#### [EXERCISE PROMPT]
Where the records below reach the line containing "vidaXL Boxspringbett mit", start transcribing, and end with the line containing "Hickman County, Kentucky", exactly and with nothing else added.

#### [DATA FOR THIS TASK]

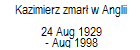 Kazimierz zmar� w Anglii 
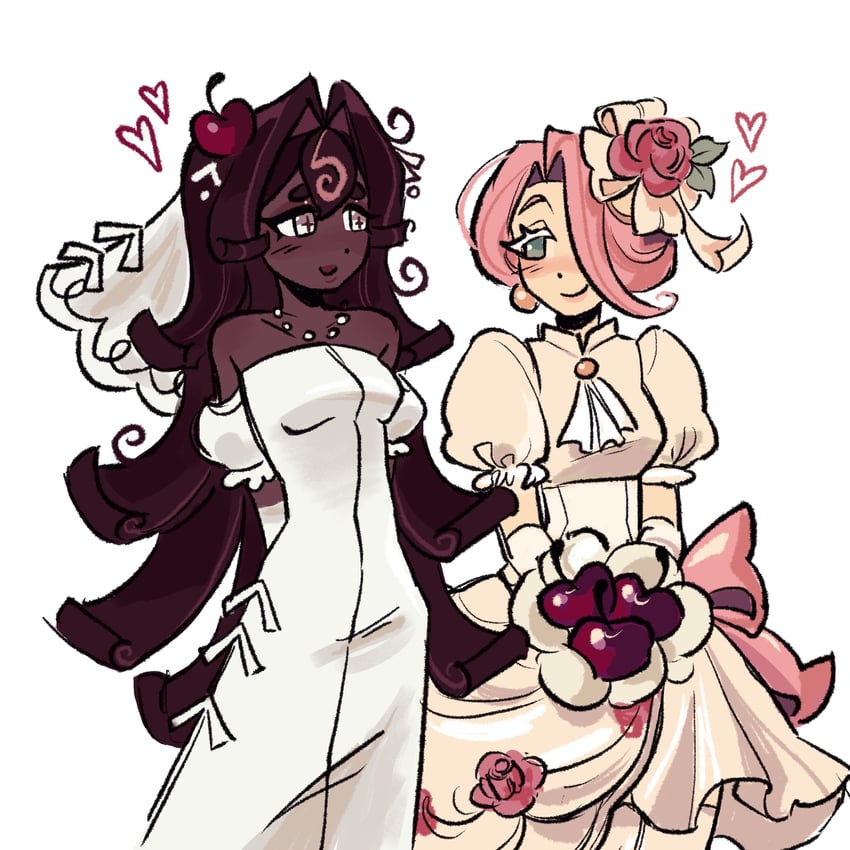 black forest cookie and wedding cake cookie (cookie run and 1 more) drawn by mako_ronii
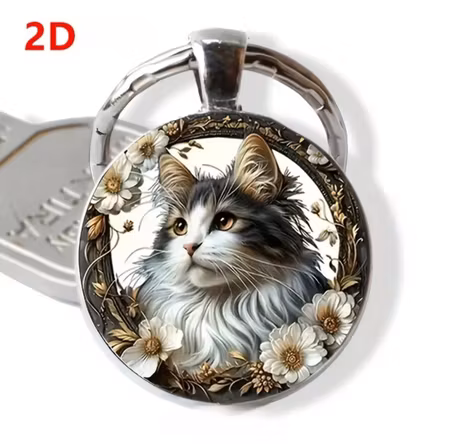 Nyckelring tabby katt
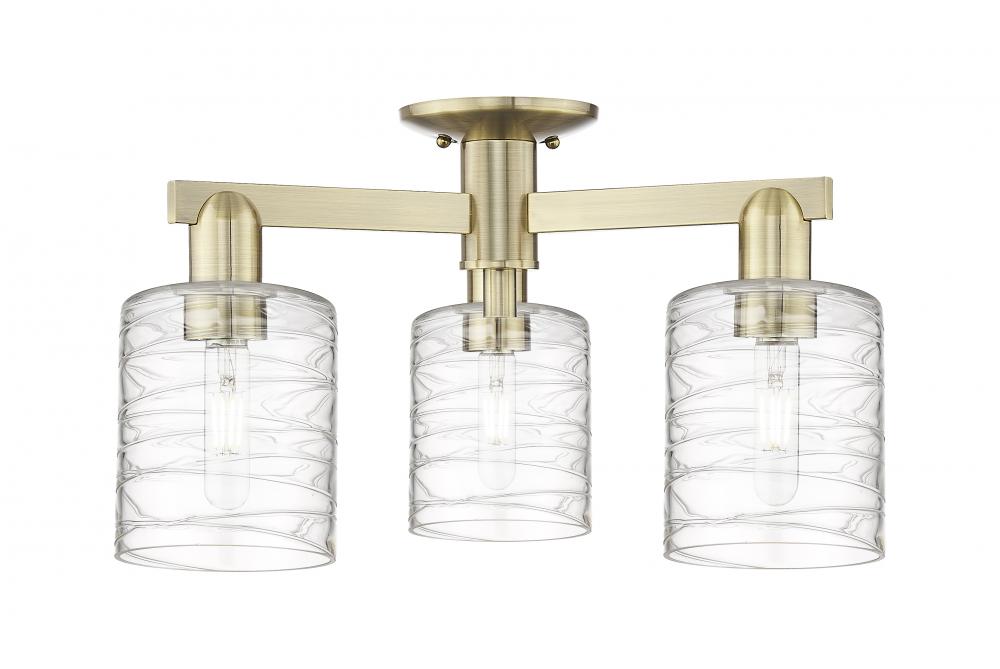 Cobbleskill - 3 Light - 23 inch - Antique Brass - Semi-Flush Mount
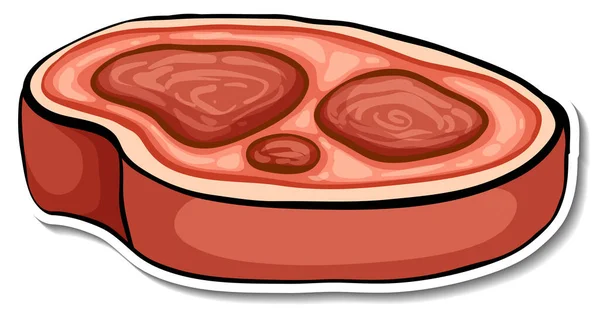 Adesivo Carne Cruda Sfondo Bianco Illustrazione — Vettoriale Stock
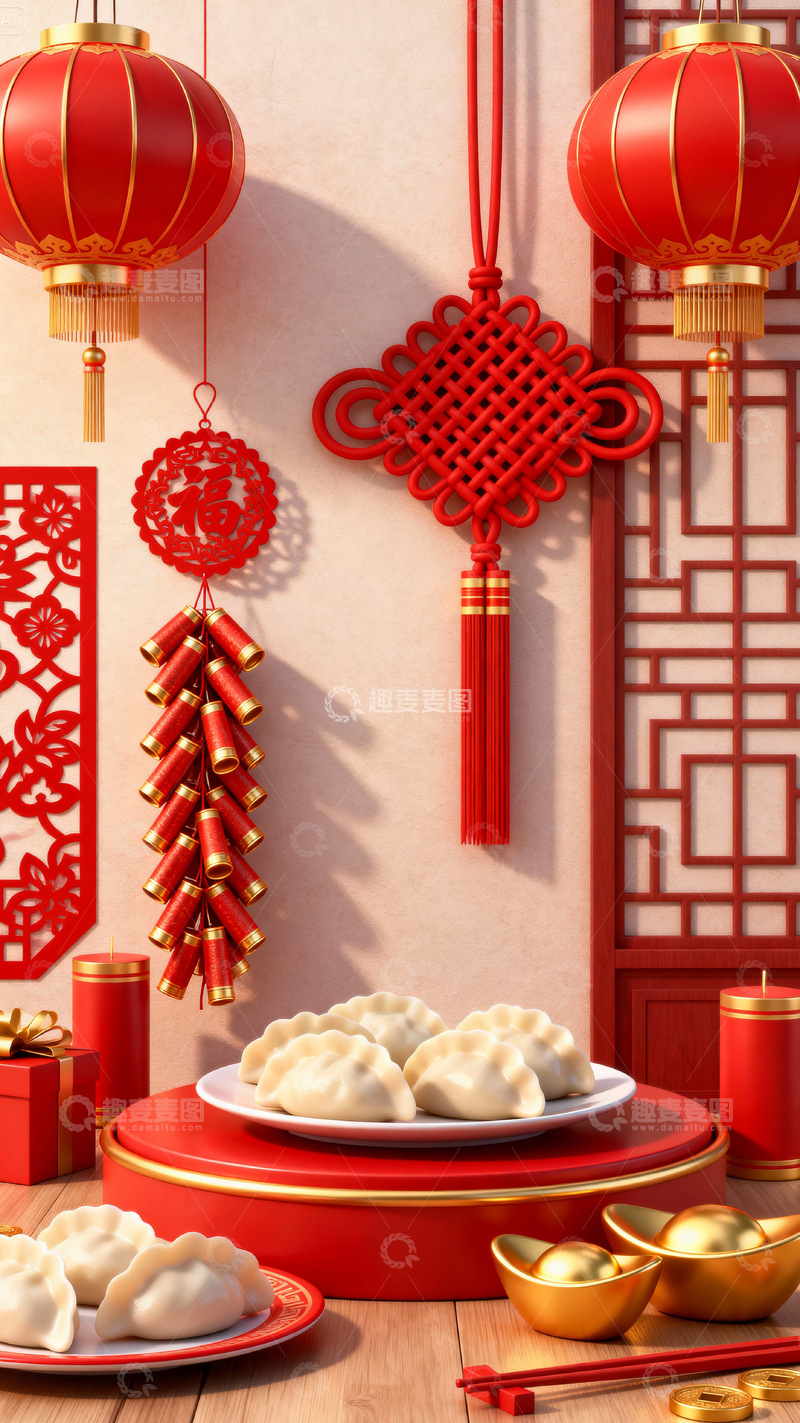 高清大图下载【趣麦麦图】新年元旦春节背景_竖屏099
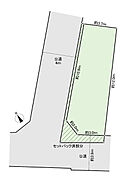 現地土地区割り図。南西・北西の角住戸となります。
==
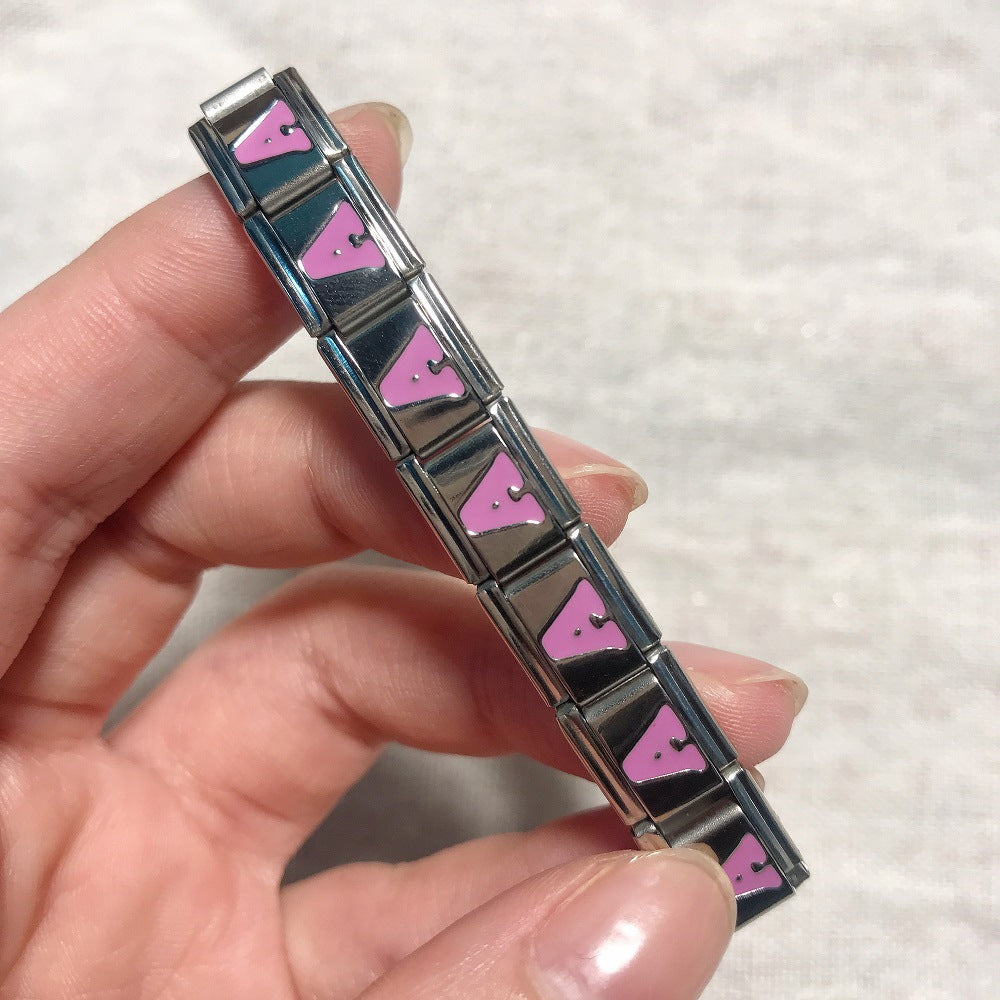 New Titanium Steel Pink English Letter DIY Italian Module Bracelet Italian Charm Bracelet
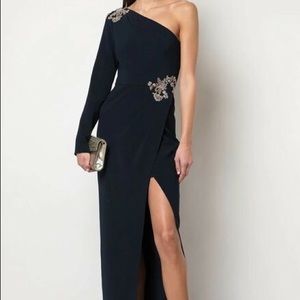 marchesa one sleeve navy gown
---
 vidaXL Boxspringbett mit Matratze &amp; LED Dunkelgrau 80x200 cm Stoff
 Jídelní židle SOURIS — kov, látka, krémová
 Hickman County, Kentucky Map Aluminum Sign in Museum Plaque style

#### [THE ANSWER]
 vidaXL Boxspringbett mit Matratze &amp; LED Dunkelgrau 80x200 cm Stoff
 Jídelní židle SOURIS — kov, látka, krémová
 Hickman County, Kentucky Map Aluminum Sign in Museum Plaque style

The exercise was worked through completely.